One of the greatest fears for any blogger must be logging into your computer one morning only to discover that your entire blog has been deleted. Every last photograph, every last link and every last word, suddenly wholly and irrevocably lost. It's an unlikely occurrence, that's for sure, but who's to say that your hosting company won't throw a hissy fit one day, or some crucial hard drive corrupt beyond the point of retrieval. That's why I make a copy of my front page once a week, as a precautionary measure, and why I've got a five year archive burnt onto CD somewhere, just in case. I take risk assessment more seriously now.
But what of my online legacy, should I drop dead one day without warning. Blogger might well carry on hosting my site for a few more years, but my Flickr subscription is finite, and any images hosted on my own personal domain will surely vanish shortly after my executors cancel all my standing orders. Cheering stuff, I know. But how much of my blog can I expect to remain visible after 20, 50 or even 100 years? HTML and the internet will no doubt go the way of cassette tapes, floppy discs and videotape, becoming increasingly obsolete as the century passes. These words I'm writing are of only fleeting importance, accessible for a brief period and then snuffed out as technology moves on. I don't know why any of us bother, really.
So I was more than a little excited, and indeed humbled, to receive an emailed invite from the British Library asking if I'd agree to have my website preserved in a new national "collection of blogs". Blimey. They'd like diamond geezer to be added to a publicly accessible website archive - part of the UK Web Archiving Consortium (UKWAC) initiative - and stashed away for the benefit of future internet research. Cor. Their plan is for 150 blogs of all shapes and sizes to be archived during the summer, and then again at regular intervals into the future. I'll be in prestigious online company, by the looks of the existing archive, filed away amongst such eclectic websites as Classic Cafes, Cheltenham Ladies College and the Campaign for Real Ale. Cor blimey.

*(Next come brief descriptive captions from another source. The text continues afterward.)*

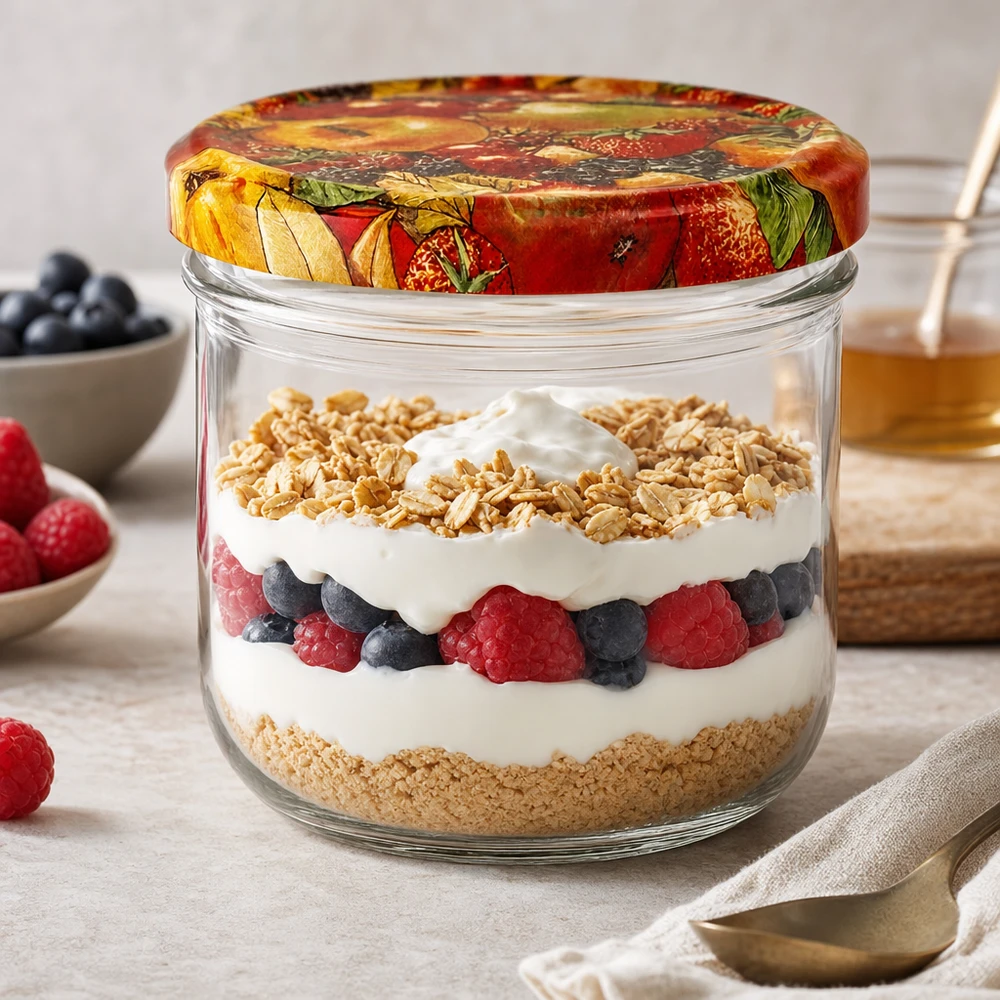 260ml kelímky + víčko BasicSeal s ovocným dekorem UNiTWIST. 260ml Sturzglas Obst-Dekor als Dessertglas mit Joghurt Beeren und Granola Schichtdessert auf Küchenarbeitsplatte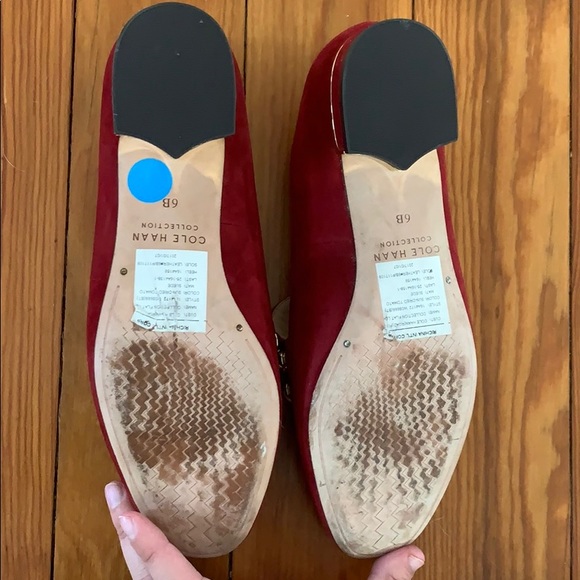 Red Suede Gold Hardware Loafers - Picture 5 of 6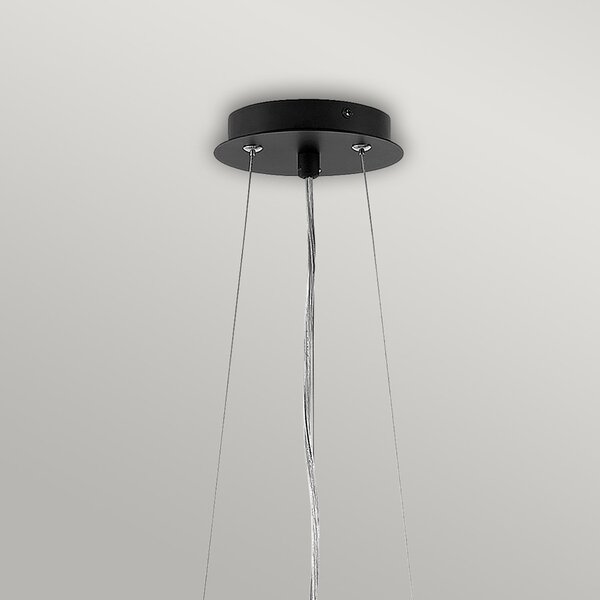 Lampadario Contemporaneo Zuma In Acciaio Nero Satinato Argento 6 Luci E27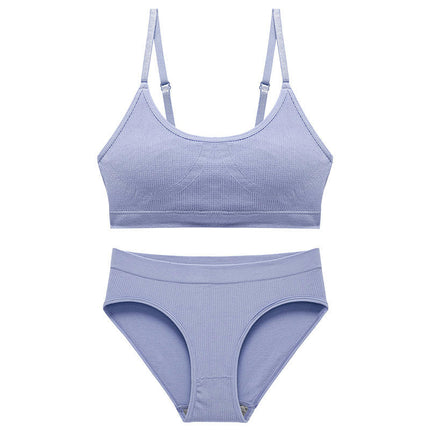 Set for Women Bra and Panty Underwear Set Bralette Top Comfort Ribbed Fabric for Everyday and Sports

But there's a catch. This being an official British Library collection, it's essential that I first sign a copyright licence - specifically for third party content. There's no problem with my own writing, which comprises 99% of the blog. But every now and again I, in common with millions of other bloggers, like to quote a bit of somebody else's work. A cut-and-pasted blogpost snippet, for example, or a chunk of a press release, or a couple of lines from a poem, that sort of thing. I don't ask these people, I just copy a little bit of what they've written, in the same way that you probably do. But the UKAWC can't officially archive anything without obtaining the author's permission first. Damn. So, er, here goes with an attempted get-out clause...

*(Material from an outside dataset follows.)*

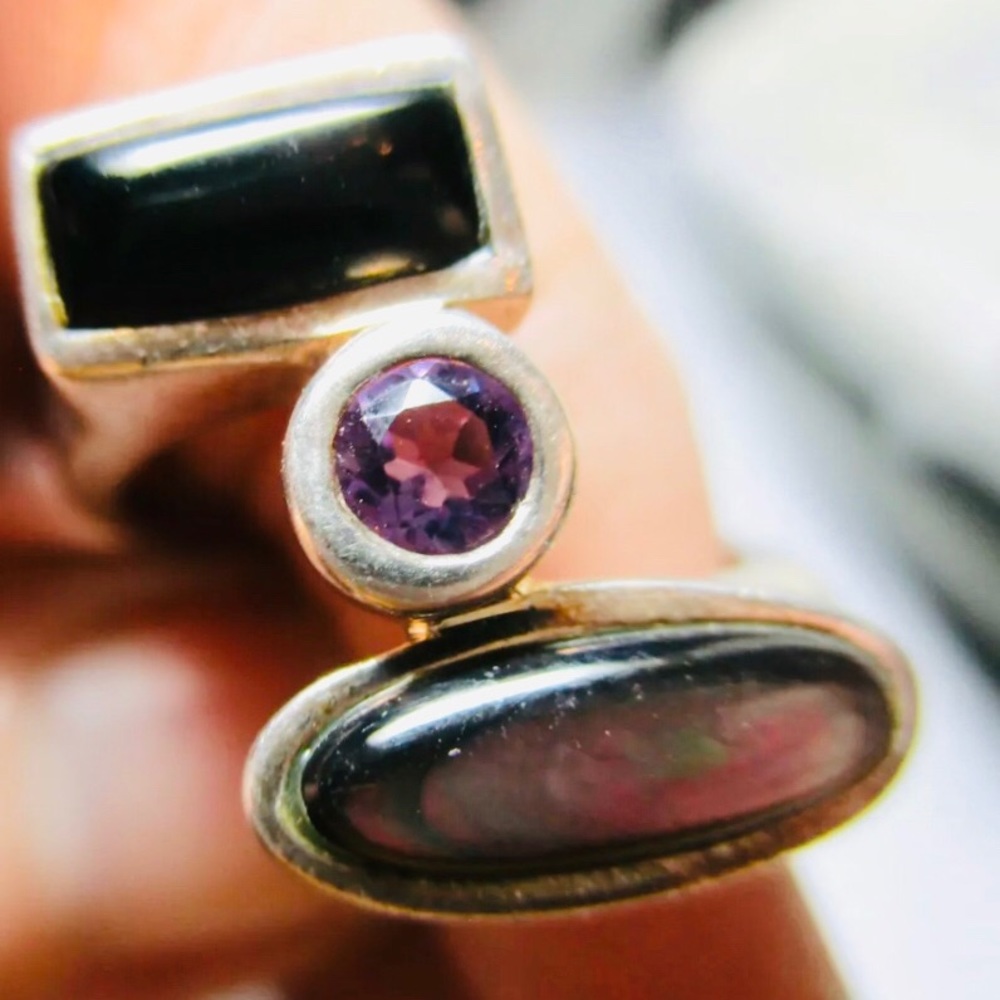 70’s Sterling Ring Amethyst Onyx Artist Hand Made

PLEASE READ THIS "I intend having this website archived after the beginning of June in a UK blog collection by the British Library. In the unlikely case that anyone who has been quoted in my blog does not want the quotation there, they should let me know by email immediately."

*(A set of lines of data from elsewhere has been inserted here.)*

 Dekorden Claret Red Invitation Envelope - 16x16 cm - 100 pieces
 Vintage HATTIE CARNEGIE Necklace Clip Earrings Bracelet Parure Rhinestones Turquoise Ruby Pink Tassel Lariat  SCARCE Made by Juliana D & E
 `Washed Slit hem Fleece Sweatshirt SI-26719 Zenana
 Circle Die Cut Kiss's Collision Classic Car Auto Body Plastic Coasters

I'm not expecting a rush. I'd expect most people I've quoted would be as pleased as I am to be part of a web preservation programme. But I shall watch my email with interest, just in case Freddie Mercury, Metronet or William Shakespeare get in touch. And then I can sign up to the official archive programme with a clear conscience, safe in the knowledge that my words are being officially preserved for future generations. Even after I'm dead and gone and the internet is long obsolete, so webarchive.org.uk should evolve to match the digital format of the age. And one distant day, as the entire human race prepares to evacuate our doomed planet in a fleet of well-stocked interstellar spacecraft, maybe this paragraph will go with them. I'd like to hope so.